AVAILABLE DATA below:
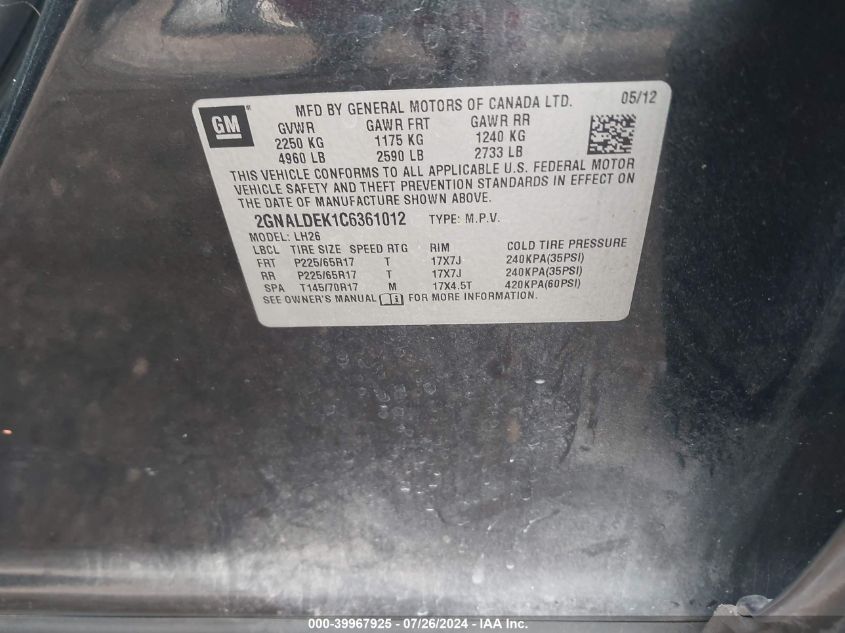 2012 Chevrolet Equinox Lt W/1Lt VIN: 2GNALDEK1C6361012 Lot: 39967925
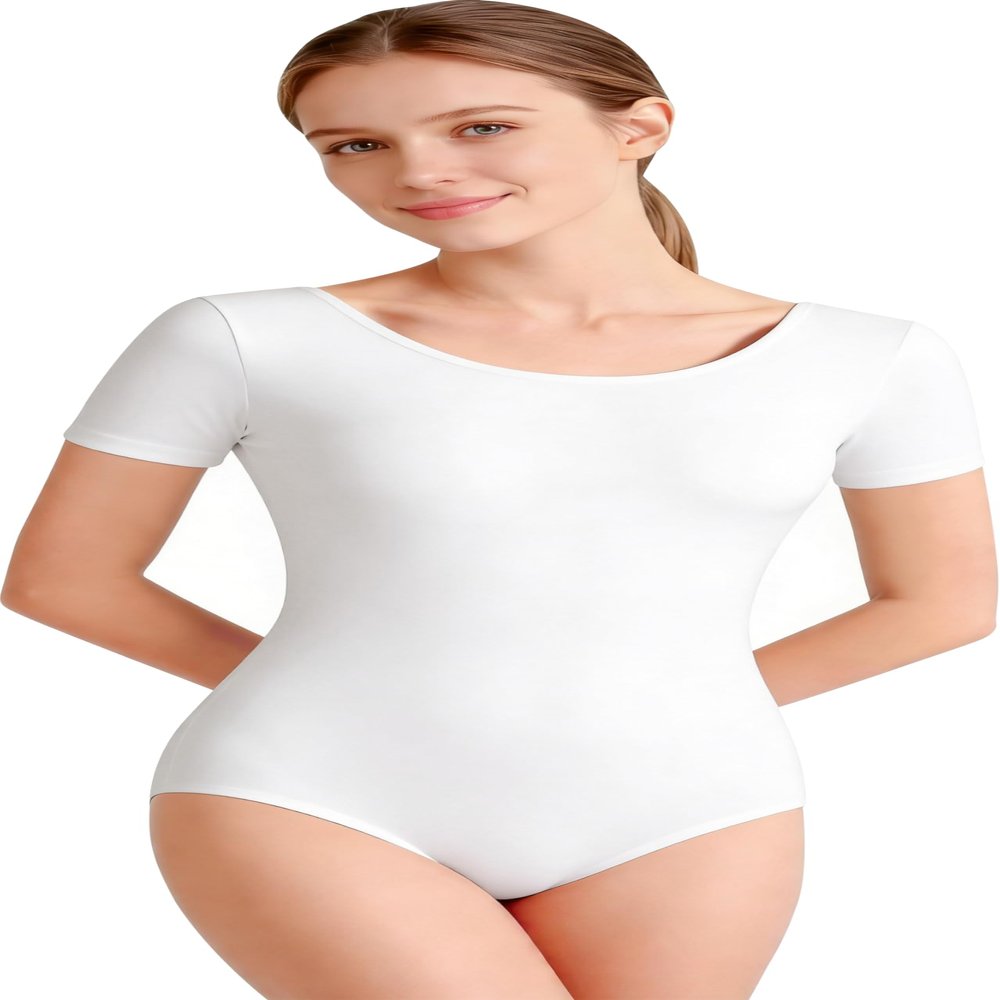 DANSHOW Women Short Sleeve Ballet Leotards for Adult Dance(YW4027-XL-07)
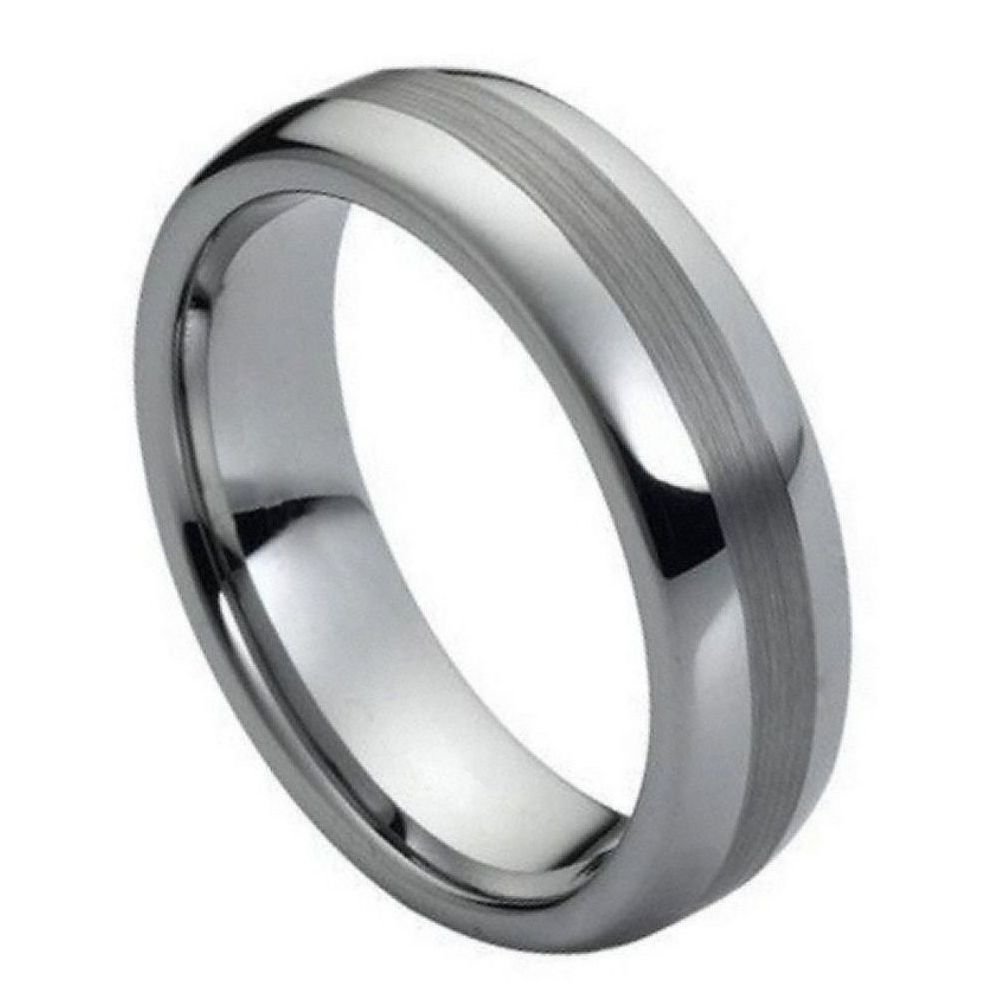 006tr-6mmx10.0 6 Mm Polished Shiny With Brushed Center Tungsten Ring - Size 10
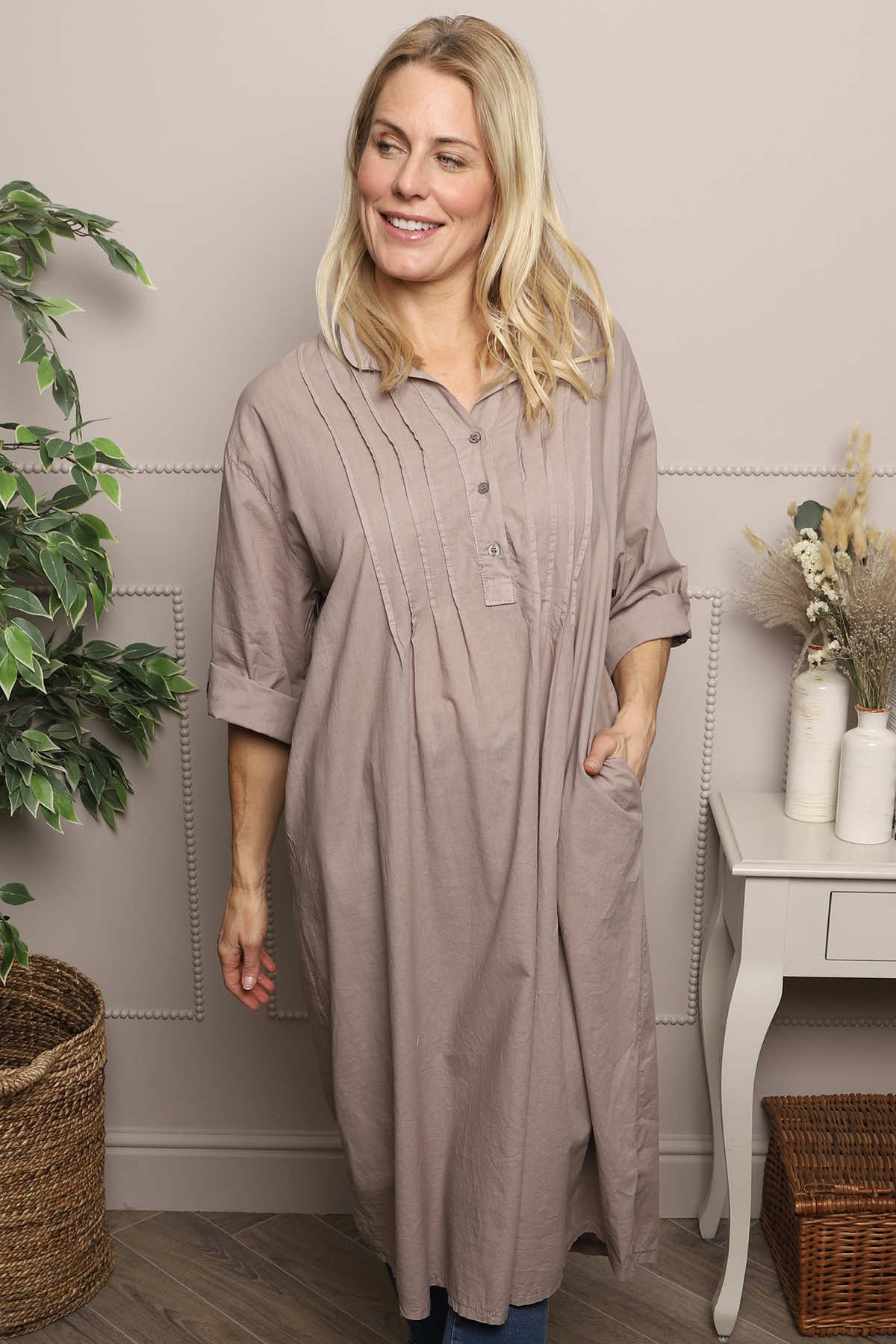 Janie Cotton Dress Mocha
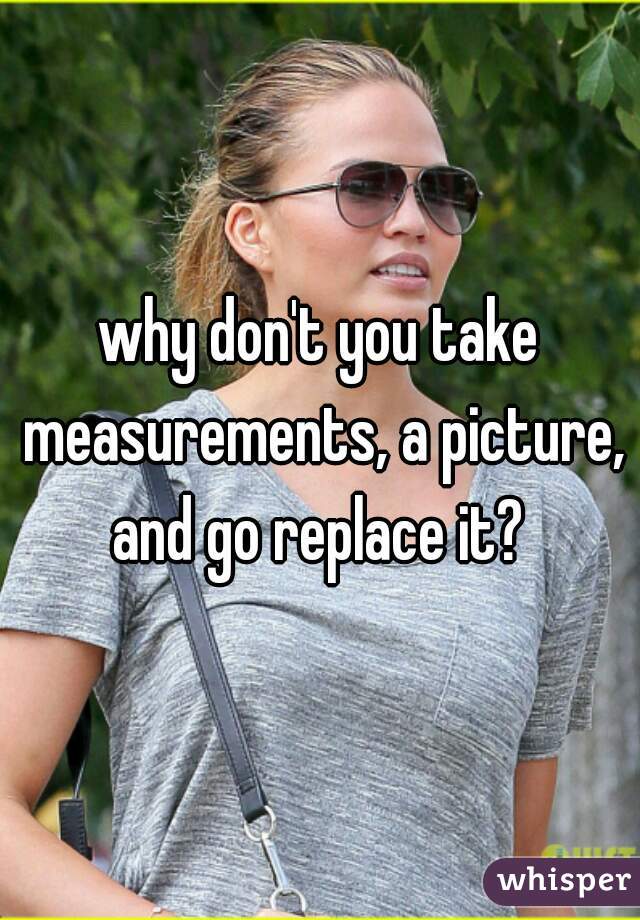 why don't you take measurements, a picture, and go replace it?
End of AVAILABLE DATA.
=== ABOUT THIS EXERCISE ===
Exactly as written, restate all of the data, leaving out the images.

=== SOLUTION FOR THIS EXERCISE ===
 2012 Chevrolet Equinox Lt W/1Lt VIN: 2GNALDEK1C6361012 Lot: 39967925
 DANSHOW Women Short Sleeve Ballet Leotards for Adult Dance(YW4027-XL-07)
 006tr-6mmx10.0 6 Mm Polished Shiny With Brushed Center Tungsten Ring - Size 10
 Janie Cotton Dress Mocha
 why don't you take measurements, a picture, and go replace it?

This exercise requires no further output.